▶ [Exercise brief]
Write out the listing below in full and exactly, leaving out every picture.

▶ [Supplied data]

+++

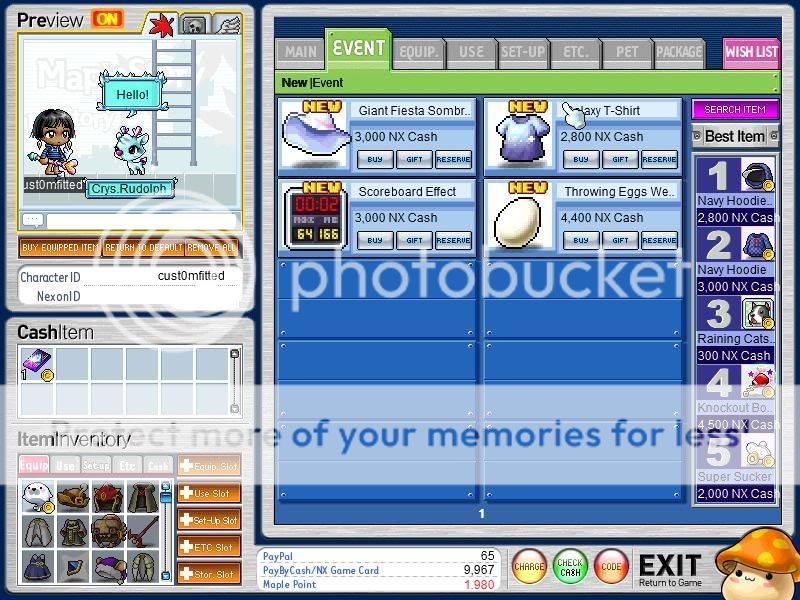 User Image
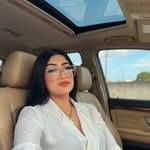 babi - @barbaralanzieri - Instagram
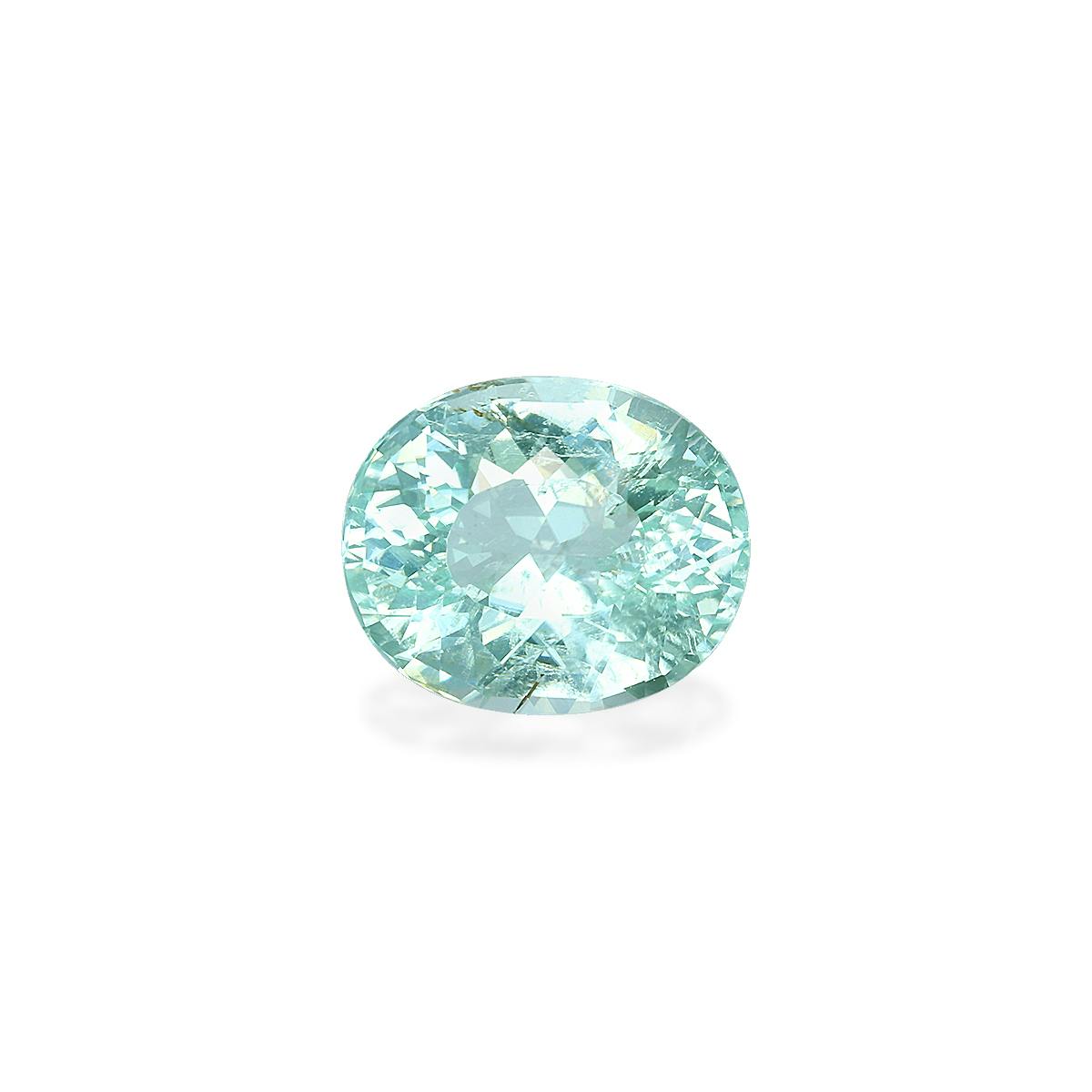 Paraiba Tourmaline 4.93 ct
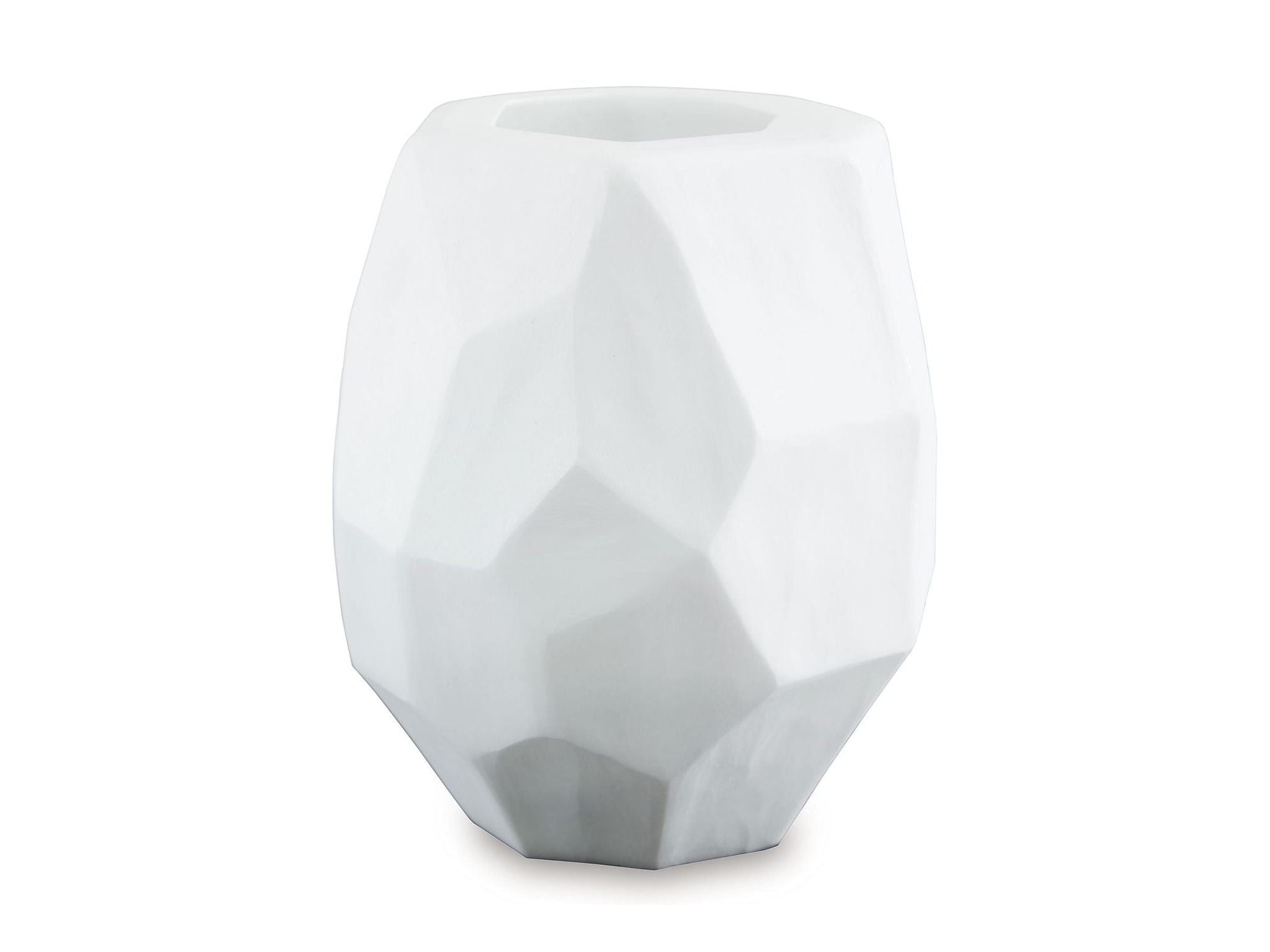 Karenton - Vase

+++

▶ [Result of this task]
 User Image
 babi - @barbaralanzieri - Instagram
 Paraiba Tourmaline 4.93 ct
 Karenton - Vase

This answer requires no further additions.